— Activity —
Lines from the one with "Read more about" up to and including the one with "5300-253588 TELECOIL" are to be copied exactly from the records below, without their pictures.

— Provided data —

↓

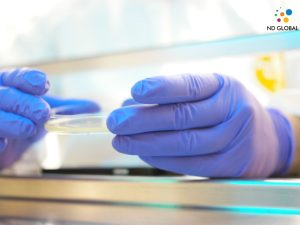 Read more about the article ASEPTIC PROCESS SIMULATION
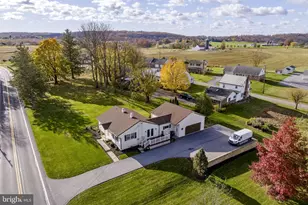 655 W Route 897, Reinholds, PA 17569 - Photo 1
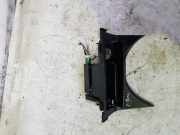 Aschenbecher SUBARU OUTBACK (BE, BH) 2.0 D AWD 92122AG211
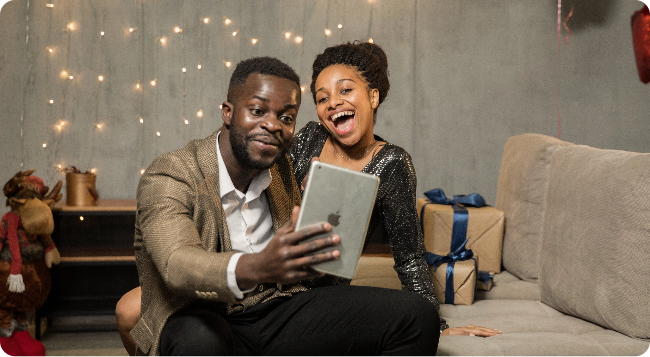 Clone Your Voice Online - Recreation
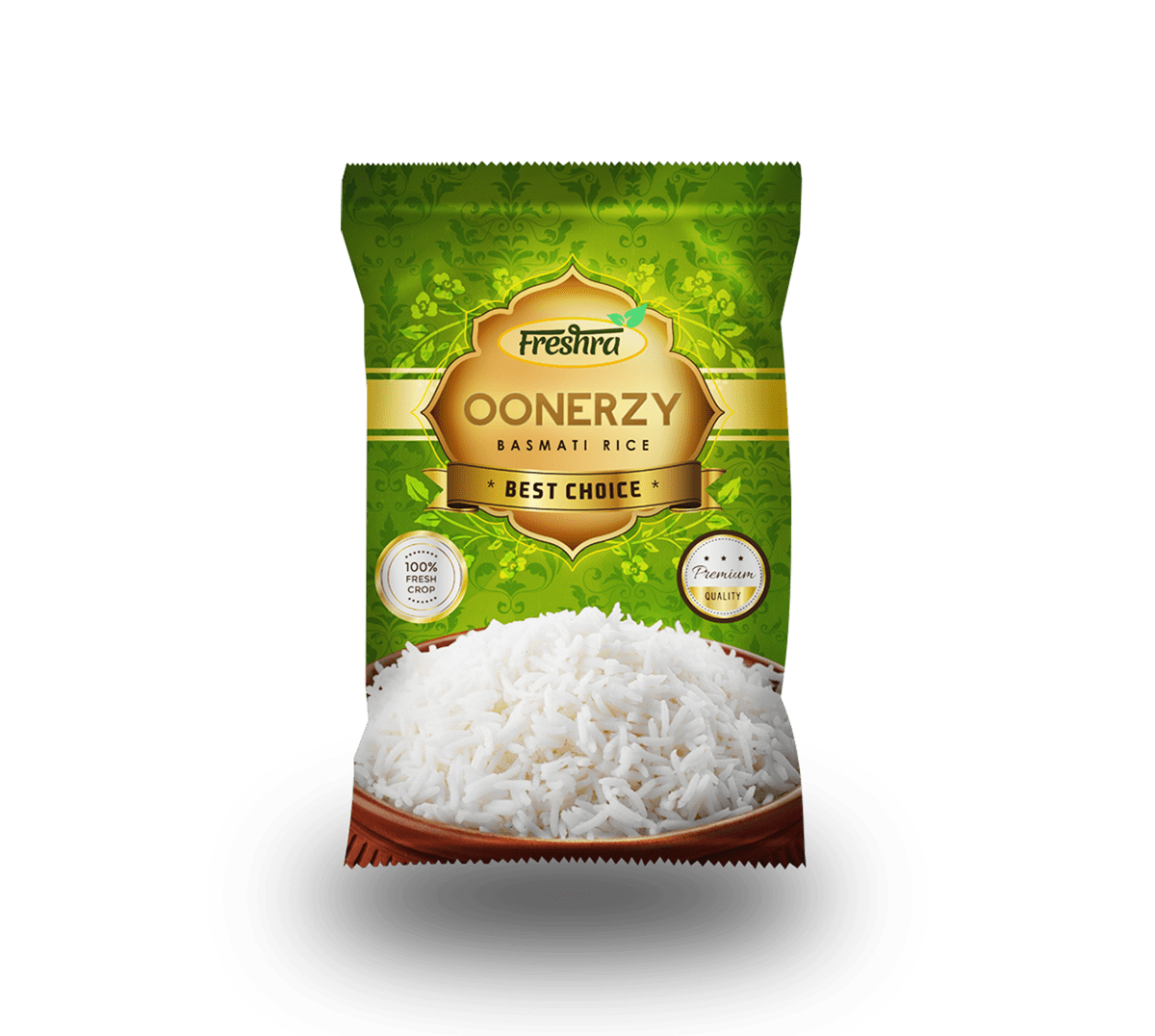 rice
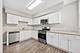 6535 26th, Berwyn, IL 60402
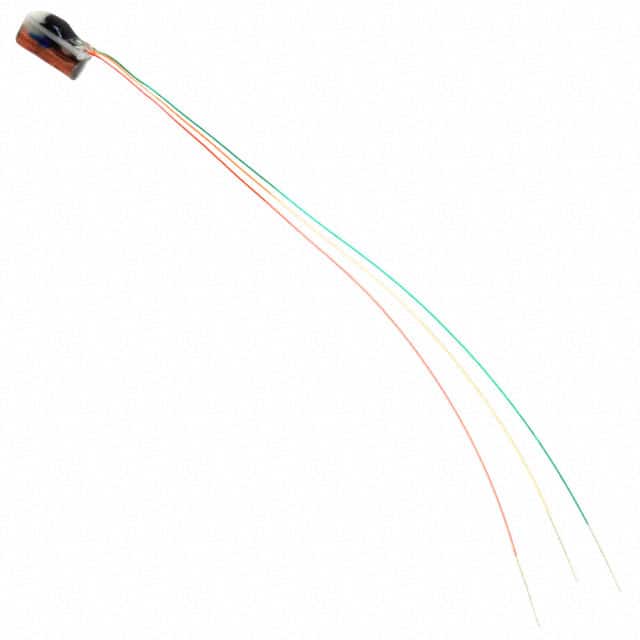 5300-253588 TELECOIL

↑
↓

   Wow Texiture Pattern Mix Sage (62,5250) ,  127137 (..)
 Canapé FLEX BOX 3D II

↑
↓

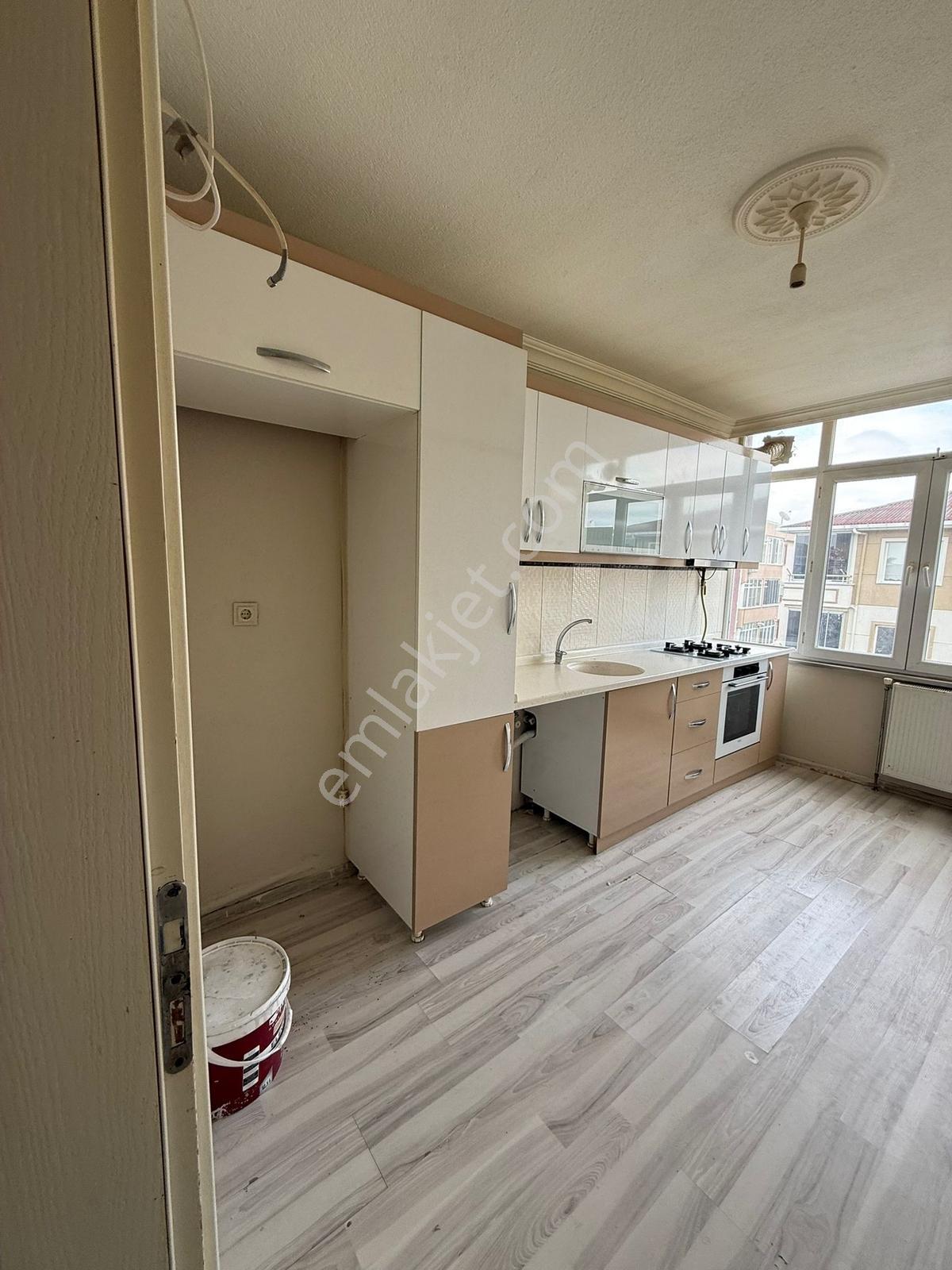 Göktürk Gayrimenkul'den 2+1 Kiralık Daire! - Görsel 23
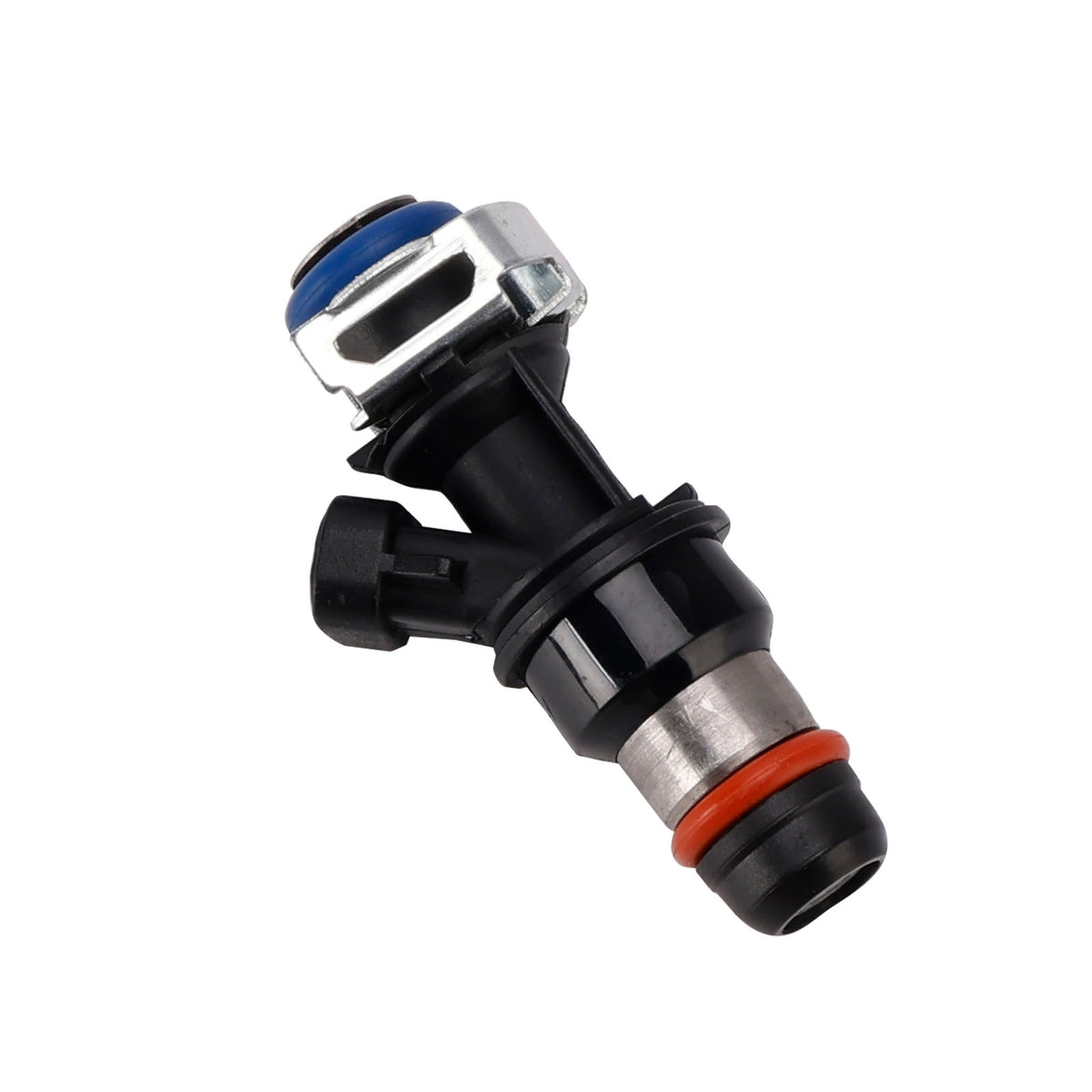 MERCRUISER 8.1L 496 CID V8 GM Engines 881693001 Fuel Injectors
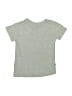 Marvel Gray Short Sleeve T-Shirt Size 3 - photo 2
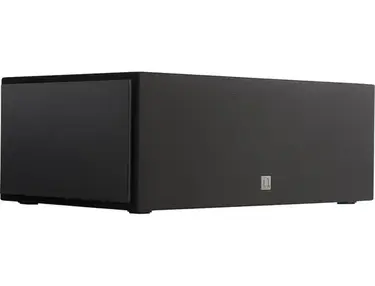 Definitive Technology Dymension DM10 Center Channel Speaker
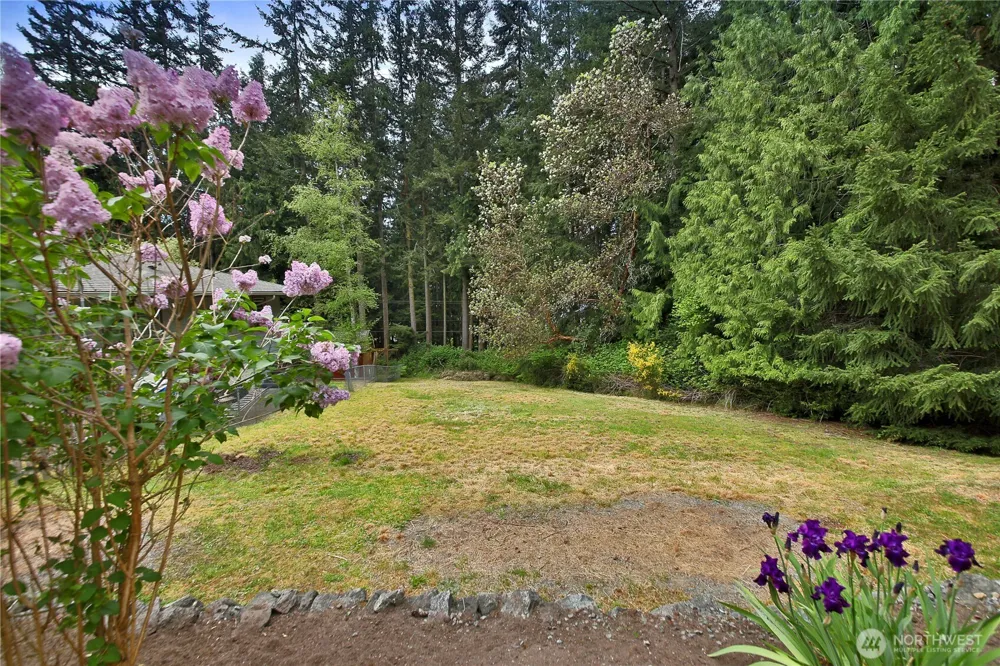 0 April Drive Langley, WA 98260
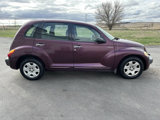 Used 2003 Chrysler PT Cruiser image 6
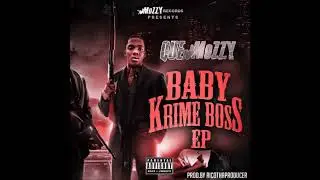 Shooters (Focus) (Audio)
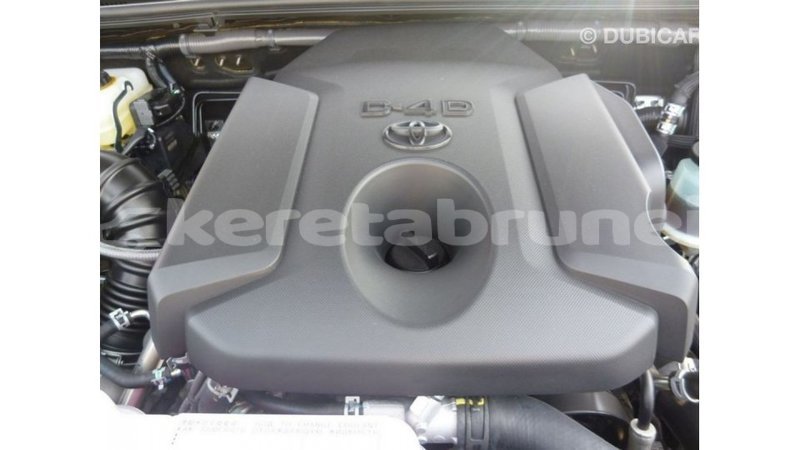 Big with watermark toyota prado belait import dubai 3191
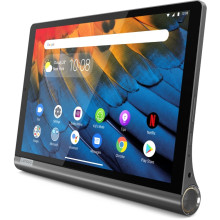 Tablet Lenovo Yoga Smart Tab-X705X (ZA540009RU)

↑

— Solved problem —
 Read more about the article ASEPTIC PROCESS SIMULATION
 655 W Route 897, Reinholds, PA 17569 - Photo 1
 Aschenbecher SUBARU OUTBACK (BE, BH) 2.0 D AWD 92122AG211
 Clone Your Voice Online - Recreation
 rice
 6535 26th, Berwyn, IL 60402
 5300-253588 TELECOIL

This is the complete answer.